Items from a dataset
'''

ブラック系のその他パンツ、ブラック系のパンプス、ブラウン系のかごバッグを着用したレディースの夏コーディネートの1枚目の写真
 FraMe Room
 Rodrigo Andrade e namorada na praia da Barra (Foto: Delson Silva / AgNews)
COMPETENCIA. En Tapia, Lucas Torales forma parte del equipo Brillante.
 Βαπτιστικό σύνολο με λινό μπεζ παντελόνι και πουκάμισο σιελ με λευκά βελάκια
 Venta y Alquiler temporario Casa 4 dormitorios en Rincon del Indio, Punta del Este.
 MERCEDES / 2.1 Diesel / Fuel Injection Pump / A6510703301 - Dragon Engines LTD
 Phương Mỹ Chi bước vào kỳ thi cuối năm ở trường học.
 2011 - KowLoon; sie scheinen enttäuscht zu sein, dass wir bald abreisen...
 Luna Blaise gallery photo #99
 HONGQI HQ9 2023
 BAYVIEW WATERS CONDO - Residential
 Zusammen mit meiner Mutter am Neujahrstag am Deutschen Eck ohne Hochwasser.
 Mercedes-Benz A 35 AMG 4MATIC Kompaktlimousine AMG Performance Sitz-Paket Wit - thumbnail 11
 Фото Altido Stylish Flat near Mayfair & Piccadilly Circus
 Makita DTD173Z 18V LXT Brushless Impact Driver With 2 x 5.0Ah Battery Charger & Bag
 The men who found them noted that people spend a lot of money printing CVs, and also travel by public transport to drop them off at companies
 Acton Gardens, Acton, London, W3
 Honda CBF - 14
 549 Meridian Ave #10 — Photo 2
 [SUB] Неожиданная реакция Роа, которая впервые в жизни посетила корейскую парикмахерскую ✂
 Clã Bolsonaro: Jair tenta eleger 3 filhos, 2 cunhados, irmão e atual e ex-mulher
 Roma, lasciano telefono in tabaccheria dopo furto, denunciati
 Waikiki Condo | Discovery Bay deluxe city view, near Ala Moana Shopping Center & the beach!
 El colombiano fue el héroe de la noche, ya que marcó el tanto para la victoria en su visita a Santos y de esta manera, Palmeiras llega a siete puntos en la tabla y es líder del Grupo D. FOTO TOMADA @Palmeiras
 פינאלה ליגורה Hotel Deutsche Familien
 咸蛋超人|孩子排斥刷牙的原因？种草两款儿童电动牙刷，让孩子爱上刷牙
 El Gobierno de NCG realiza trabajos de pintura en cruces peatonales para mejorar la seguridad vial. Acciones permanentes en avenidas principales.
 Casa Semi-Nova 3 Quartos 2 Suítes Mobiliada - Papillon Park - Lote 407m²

'''

**Task statement**
Nothing is to be left out, and every entry is to be transcribed exactly.

**Exercise result**
ブラック系のその他パンツ、ブラック系のパンプス、ブラウン系のかごバッグを着用したレディースの夏コーディネートの1枚目の写真
 FraMe Room
 Rodrigo Andrade e namorada na praia da Barra (Foto: Delson Silva / AgNews)
COMPETENCIA. En Tapia, Lucas Torales forma parte del equipo Brillante.
 Βαπτιστικό σύνολο με λινό μπεζ παντελόνι και πουκάμισο σιελ με λευκά βελάκια
 Venta y Alquiler temporario Casa 4 dormitorios en Rincon del Indio, Punta del Este.
 MERCEDES / 2.1 Diesel / Fuel Injection Pump / A6510703301 - Dragon Engines LTD
 Phương Mỹ Chi bước vào kỳ thi cuối năm ở trường học.
 2011 - KowLoon; sie scheinen enttäuscht zu sein, dass wir bald abreisen...
 Luna Blaise gallery photo #99
 HONGQI HQ9 2023
 BAYVIEW WATERS CONDO - Residential
 Zusammen mit meiner Mutter am Neujahrstag am Deutschen Eck ohne Hochwasser.
 Mercedes-Benz A 35 AMG 4MATIC Kompaktlimousine AMG Performance Sitz-Paket Wit - thumbnail 11
 Фото Altido Stylish Flat near Mayfair & Piccadilly Circus
 Makita DTD173Z 18V LXT Brushless Impact Driver With 2 x 5.0Ah Battery Charger & Bag
 The men who found them noted that people spend a lot of money printing CVs, and also travel by public transport to drop them off at companies
 Acton Gardens, Acton, London, W3
 Honda CBF - 14
 549 Meridian Ave #10 — Photo 2
 [SUB] Неожиданная реакция Роа, которая впервые в жизни посетила корейскую парикмахерскую ✂
 Clã Bolsonaro: Jair tenta eleger 3 filhos, 2 cunhados, irmão e atual e ex-mulher
 Roma, lasciano telefono in tabaccheria dopo furto, denunciati
 Waikiki Condo | Discovery Bay deluxe city view, near Ala Moana Shopping Center & the beach!
 El colombiano fue el héroe de la noche, ya que marcó el tanto para la victoria en su visita a Santos y de esta manera, Palmeiras llega a siete puntos en la tabla y es líder del Grupo D. FOTO TOMADA @Palmeiras
 פינאלה ליגורה Hotel Deutsche Familien
 咸蛋超人|孩子排斥刷牙的原因？种草两款儿童电动牙刷，让孩子爱上刷牙
 El Gobierno de NCG realiza trabajos de pintura en cruces peatonales para mejorar la seguridad vial. Acciones permanentes en avenidas principales.
 Casa Semi-Nova 3 Quartos 2 Suítes Mobiliada - Papillon Park - Lote 407m²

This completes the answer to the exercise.